At many companies, internal customers have gotten ahead of themselves - and IT - in the rush for the latest mobile devices, unaware of the challenges they pose. "They don't realise it takes infrastructure, a wireless signal and a whole bunch of things before you can use a handheld," says Hap M. Cluff, director of IT for the city of Norfolk, Virginia.

For IT, trying to guide the flood of mobile adoption is like trying to channel a tidal wave through a funnel. But CIOs are attempting to quickly identify the best values, limit support and security headaches, and make sure everyone knows the rules.

Whatever it takes to be in touch on the go, businesspeople want it, and they want it now. In fact, employee demand for mobility forced significantly more mobile technology deployment in 2005 than companies had anticipated, according to Ellen Daley, an analyst at Forrester Research in Cambridge, Massachusetts.

Personal devices and other mobile technologies that IT is unaware of are hard to control and, therefore, hard to secure, Daley says. Mobile hardware can sneak in through departmental budgets, sidestepping IT's scrutiny, and before you know it, they're connected to the network. "That puts a stress on the company from a security perspective [and] a standards perspective," Daley says.

Health company has an approved list
To get ahead of the wave of personal devices, William Lewkowski, CIO at Metropolitan Health in Grand Rapids, Michigan, discourages the proliferation of a variety of devices in favour of a few that are easily supported. For example, IT supports the Palm operating system on handheld devices. Employees may use other software, he says, but they must go through IT to make sure it will work. And for security's sake, employees are allowed to download to their handhelds only low-risk information, such as their schedules.

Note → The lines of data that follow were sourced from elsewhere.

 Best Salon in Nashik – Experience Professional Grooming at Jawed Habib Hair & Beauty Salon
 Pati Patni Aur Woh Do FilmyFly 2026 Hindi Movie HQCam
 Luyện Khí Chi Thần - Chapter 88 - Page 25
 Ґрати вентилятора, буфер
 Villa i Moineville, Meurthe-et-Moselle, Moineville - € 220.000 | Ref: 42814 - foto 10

Ford finds Blackberry secure
Other companies base their approaches to mobile devices on need. For example, at Ford Motor, senior executives have a demonstrable need for BlackBerries, says Vijay Sankaran, IT manager for enterprise technology. "These people go from meeting to meeting," he explains. With a BlackBerry, they can scroll through their e-mail and calendars and use phone features without going back to their desks.

Sankaran says the number of things you can do with a BlackBerry is very limited, making it more secure from a corporate IT standpoint. The more features, capabilities and services a device has, the more security holes that it comes with, he explains. Some CIOs use the power of the purse to keep mobile devices under control.

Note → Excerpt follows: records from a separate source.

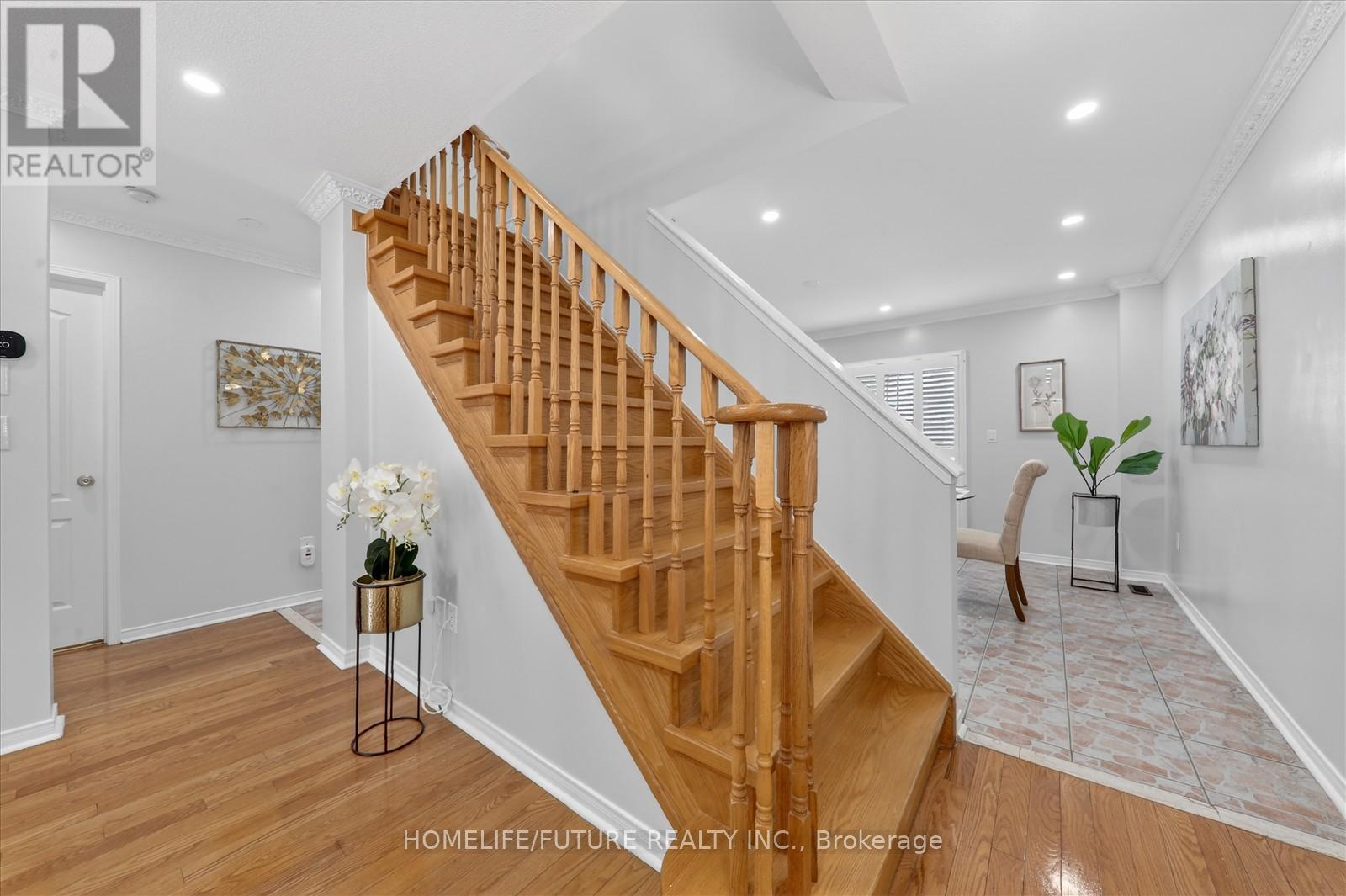 40 Canoe Crescent, Toronto, Ontario  M1X 1X8 - Photo 10 - E13074826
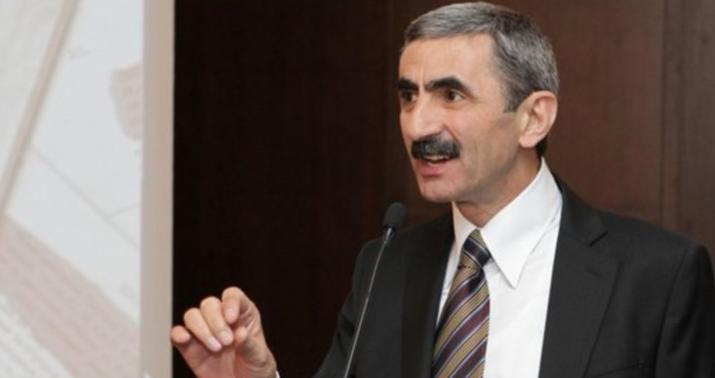 Aslan İsmayılovun çıxışına ekspertiza baxacaq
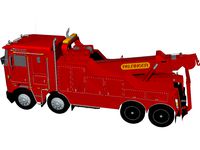 Kenworth Palfinger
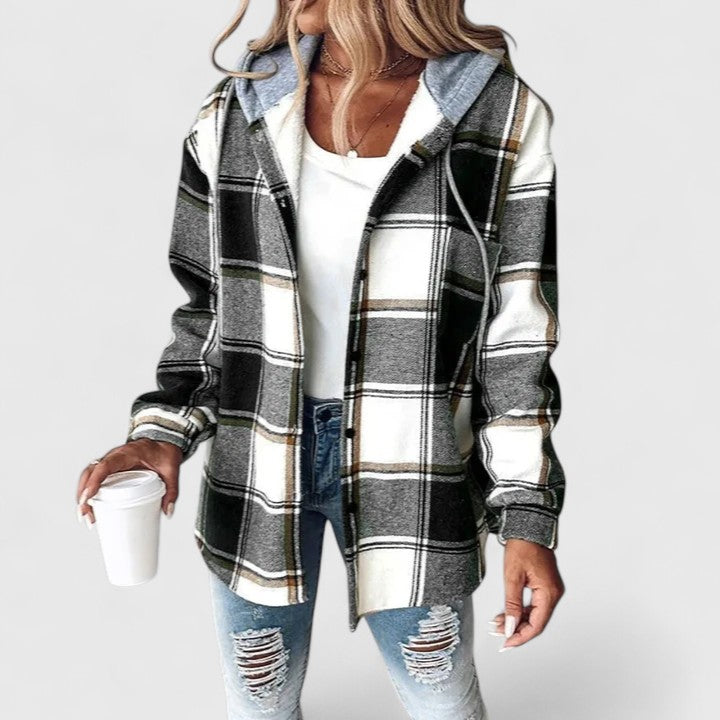 Rachel | Chaqueta Elegante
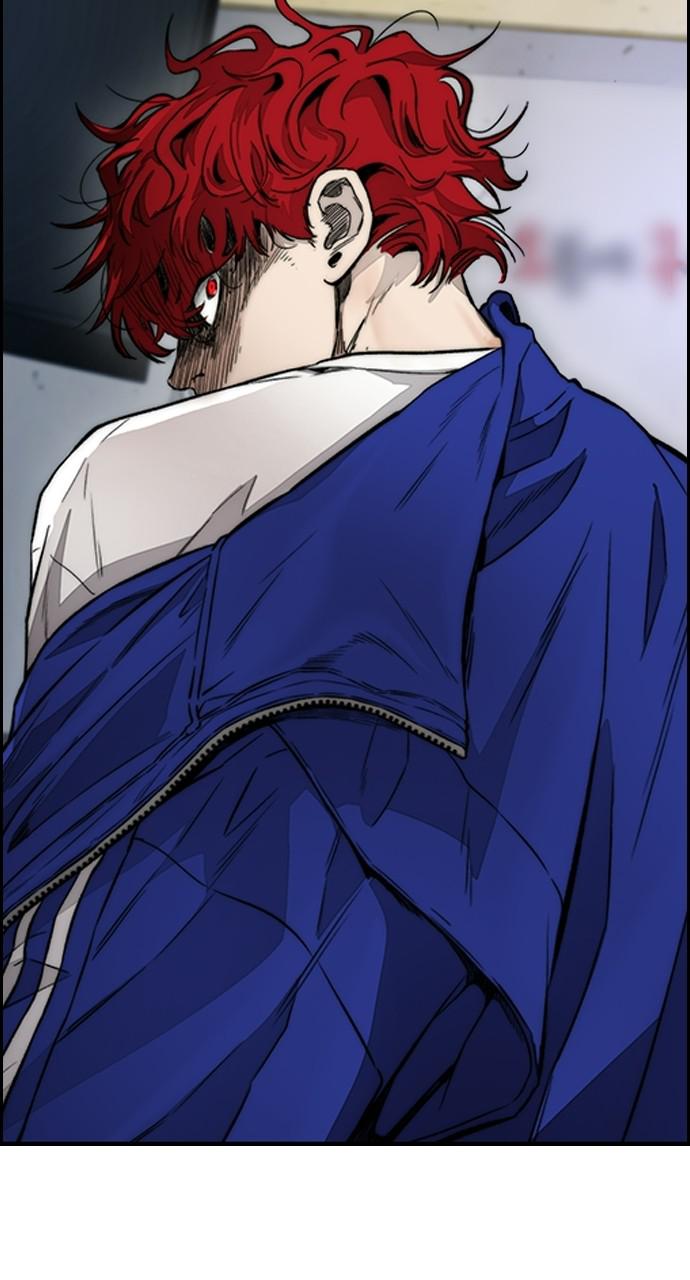 Wind Breaker SS4 - Manhwa Chap 27 - Next Chap 28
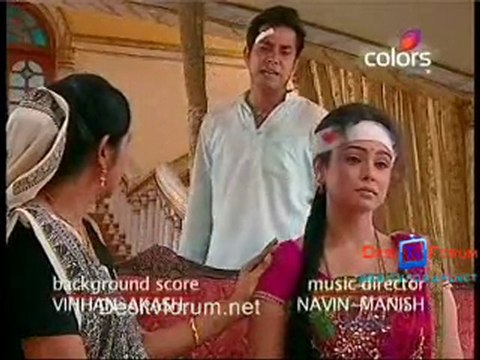 Bhagya Vidhaata - 11th May 2010 Watch Online part3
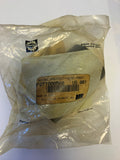 Vintage Bombardier Hose Protector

Insurance company bans "own equipment"
"We don't allow our associates to bring in their own equipment," says Patrick Law, vice president of infrastructure at American Modern Insurance Group in Amelia, Ohio. Personal cell phones, which can't connect to the company network, are the exception. Anything else has to be acquired through the help desk.

Cost is an issue, but there are ways to rein in the costs of mobility while increasing its value. For example, American Modern lets employees sign up for their own cell phone service plans using whichever companies they want because the local cell phone companies provide much better signals than nonlocal ones, Law says. He reimburses them for basic service as well as for features that add business value.

For example, a text-messaging feature comes in handy for adjusters, who may be on the phone when someone needs to get through to them with important information. With that feature, they can stay on the line and get the information at the same time.

Law says that the most reliable, practical and cost-justifiable mobile devices are PDAs, smart phones and BlackBerries. "When we get beyond those devices, it doesn't seem to be cost-justifiable," he says.

Service and support cost money
Service is also costly, and it's difficult for the help desk to provide expertise over a range of devices. When few support staffers know the hardware, it's hard to have a mobile expert available on every shift, Daley says. And users seeking tutorials on new equipment can boost call volume.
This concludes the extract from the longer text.